The law allows a developer, investor, or owner to defer any capital gains (for example profits from the sale of stocks or real estate) that are invested into an opportunity-zone fund within 180 days. The fund can then place the money in a zone by financing affordable-housing units or a commercial building. Tax payment is deferred until the investment is sold or exchanged, or until December 31st, 2026, whichever comes first. Because of this deadline, investors who want to receive the maximum tax break would need to invest by the end of 2019.[i]

Another benefit is a potential step-up in basis that would allow up to 15 percent of the value of the reinvested capital gains to be excluded from an investor’s taxable income, decreasing the investor’s tax liability when they sell or can no longer defer taxation.[ii]

Lastly, investors can permanently exclude from taxation any capital gains that accrue after their investment in a fund, if the investment is held for at least 10 years. Opportunity zones increase the basis of any investment held in a fund for 10 years, at which point they can forgo paying all their capital gains taxes on their Opportunity Zone investment, which is especially beneficial for real estate developers.[iii]
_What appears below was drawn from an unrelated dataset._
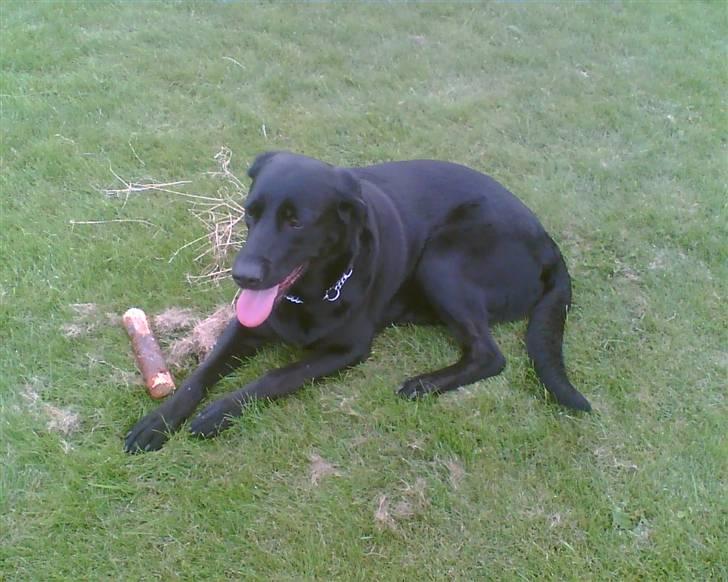 Blanding af racer Sheeba - Sheeba udenfor med en dejlig pind billede 13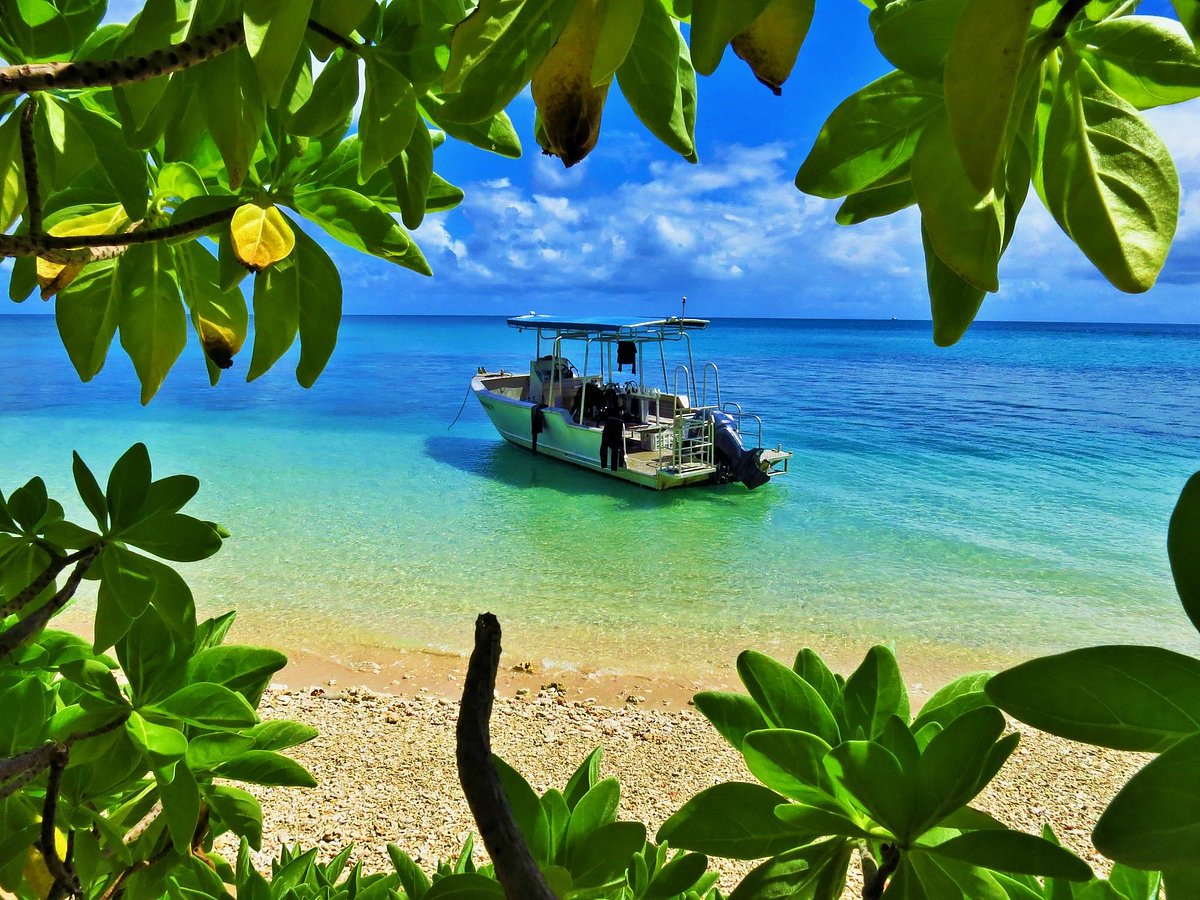 MAI DIVE - ASTROLABE REEF RESORT - Hotel Reviews (Fiji/Ono Island)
The reality is, anyone can invest in these funds and potentially receive significant, direct benefits, though those who can make significant capital gains investments have the most to gain. While this program was somewhat under the radar at first, the provision has sparked an outbreak of investment by family offices, real estate developers, and both large and small investors. Hedge funds, investment banks and money managers are trying to raise tens of billions of dollars this year for opportunity fund projects.
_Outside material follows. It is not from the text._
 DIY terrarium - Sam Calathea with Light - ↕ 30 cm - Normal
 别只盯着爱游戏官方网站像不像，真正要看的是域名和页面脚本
Under the proposed regulation, investors can benefit from the tax breaks in numerous ways. The new rules permit including more than one investment in a fund and investors can create multi-asset funds to decrease the jeopardy of a single bad project eliminating any return.
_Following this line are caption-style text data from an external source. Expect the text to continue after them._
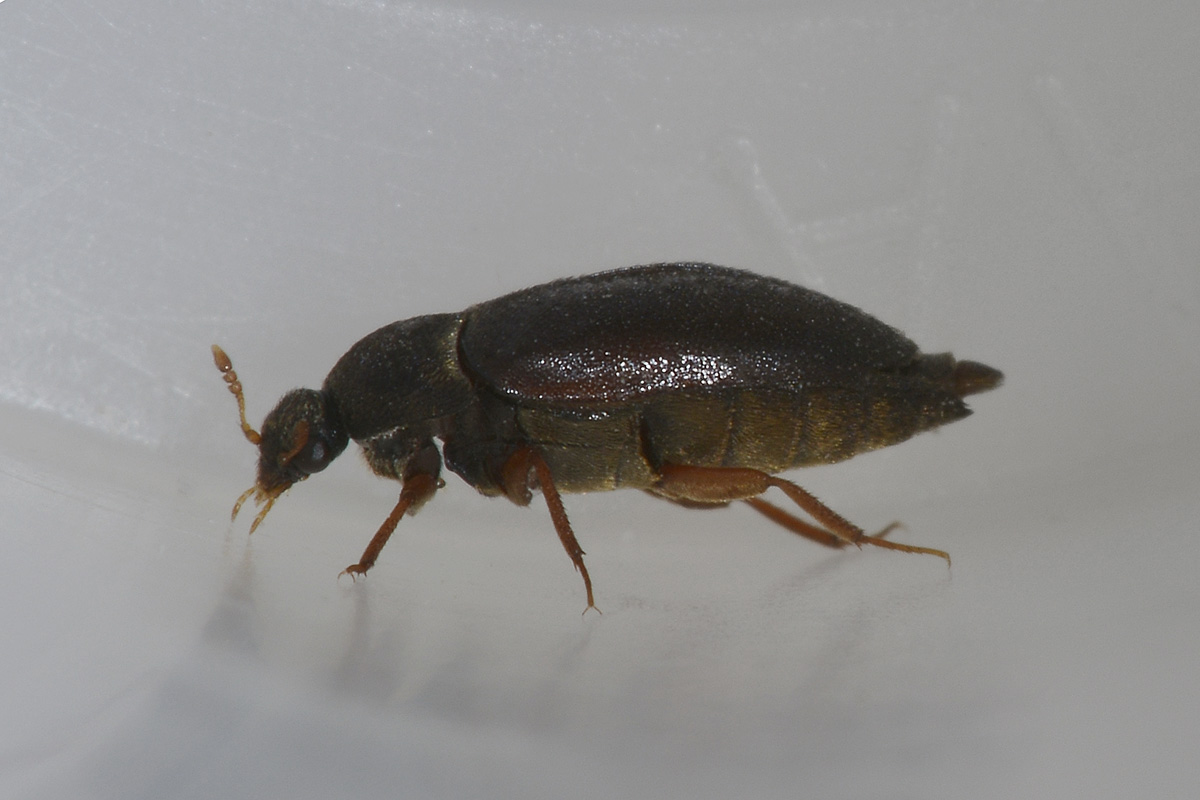 Dermestidae tra i panni: Attagenus unicolor, femmina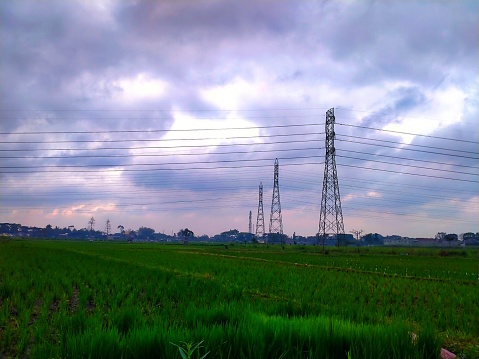 High-voltage power towers in the middle of rice paddies
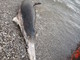 Delfino spiaggiato a Savona nei pressi dei bagni Olimpia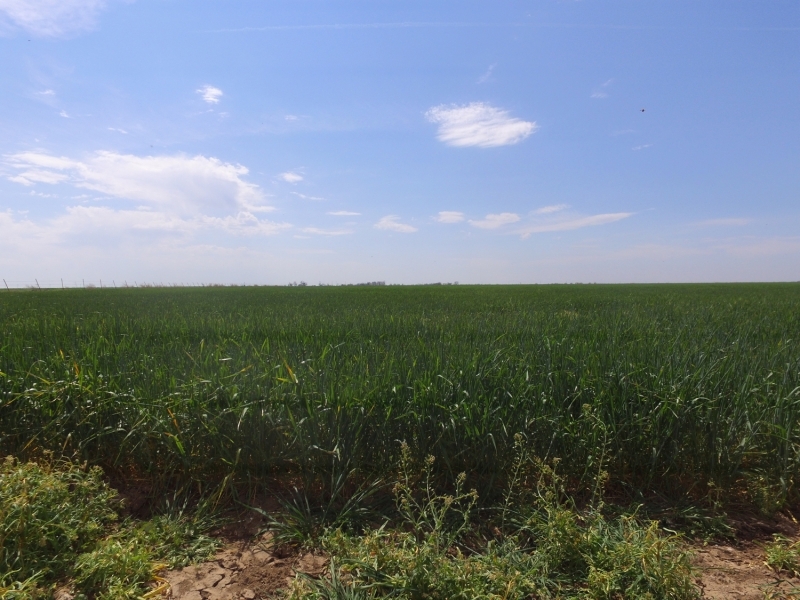 Baylor Co TX 2 246 Acres featured image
The rules allow investors to get special tax treatment if they have held their stake in the fund for at least 10 years, even if the fund did not own the asset for a full decade. Additionally, investors can also buy into a fund by directly purchasing an interest or buying another partner out.

Critics point out that the government will still have no system for tracking investments in the zones and whether they are helping communities as advertised. Others say they will mostly enrich well-heeled investors and speed up the displacement of low-income residents in gentrifying areas. But some critics have acknowledged that the new rules included important provisions to help more communities take advantage of the zones.

For example, the regulations addressed a problem flagged by many investors looking to create startup businesses: the requirement that businesses generate at least half their gross income within their opportunity zone. While that can work for an apartment building or a grocery store, it does not work for a business eager to manufacture a product to be sold widely, or provide services online.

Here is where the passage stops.